Despite the effort, tiles are still being found, and some of the plugs fail, as was explained to hikers by Bill Hubbard, the Limberlost Cabin naturalist and wetlands educator who led the tour.

Pointing to an area of dry, cracked mud, Hubbard told hikers the “pothole,” which was formed by glaciers, normally would contain about 15 inches of water and a plenitude of amphibians; however, the plug that kept the water from draining failed recently.

Helping Hubbard guide curious hikers was Carl Yoder, president of Swamp Remembered, who used his wooden hiking stick as a pointer as he identified native plants and wildflowers, including black-eyed Susan, yellow coneflower and hemlock.

Yoder also indicated less-friendly non-native plant species, including sweet clover, chicory and Queen Anne’s lace.

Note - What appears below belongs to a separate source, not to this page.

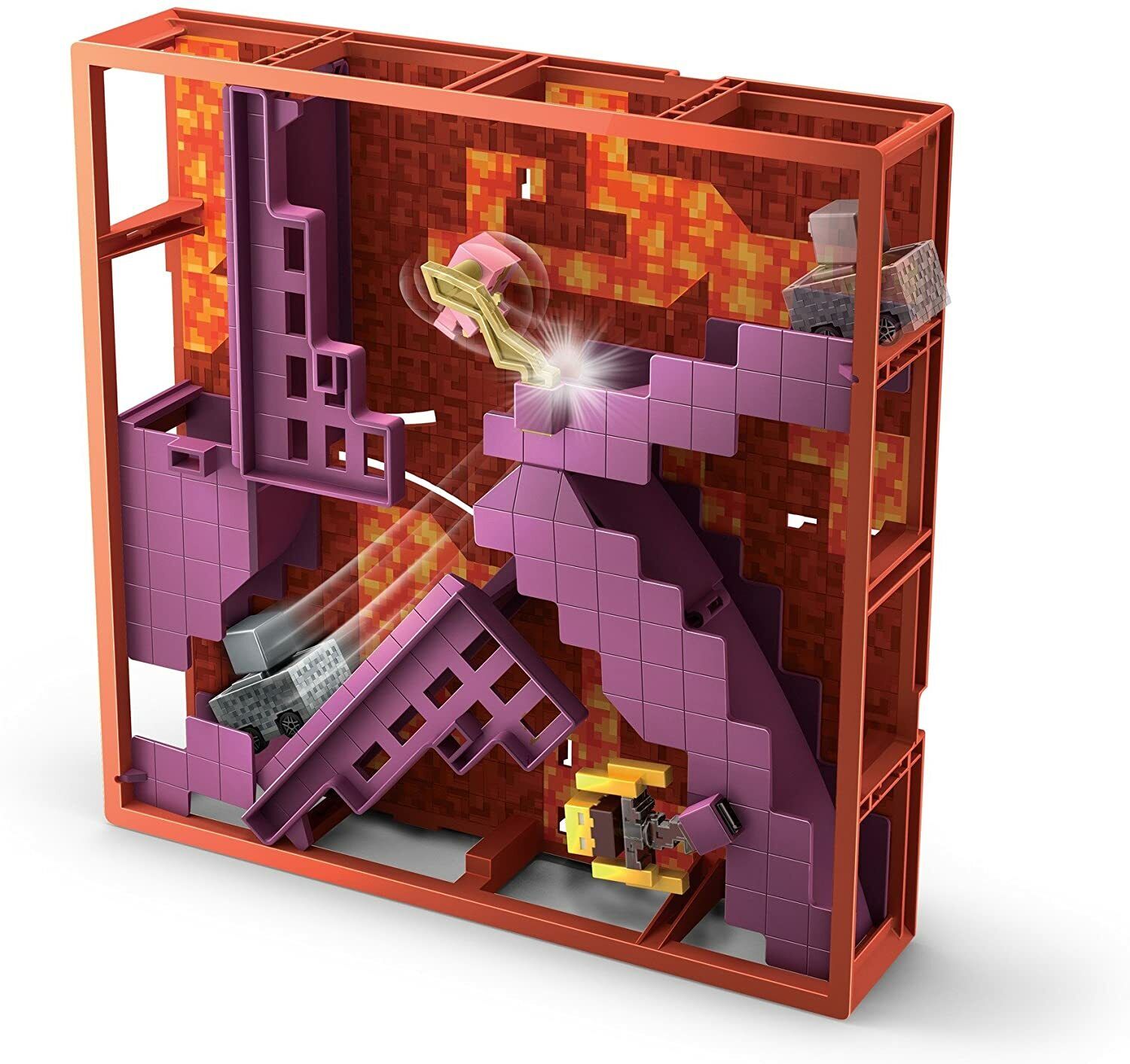 Hot Wheels Minecraft Track Blocks Nether Fortress Play Set - Gifteee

The restoration also includes efforts to eradicate problematic invasive plants, including reed canary grass, which Yoder said may have been planted by a farmer to prevent erosion, and garlic mustard, which grows in the wooded areas of the marsh.

Hubbard pointed out some less attractive sights – including scat from a raccoon and another deposit possibly left by a coyote – while hikers followed him to Woody Retreat, a pond named for the wood ducks sometimes seen there.

The pond’s distance from the roads lessens interruptions from man-made noise, Hubbard noted.

“It’s kind of peaceful back here,” he said.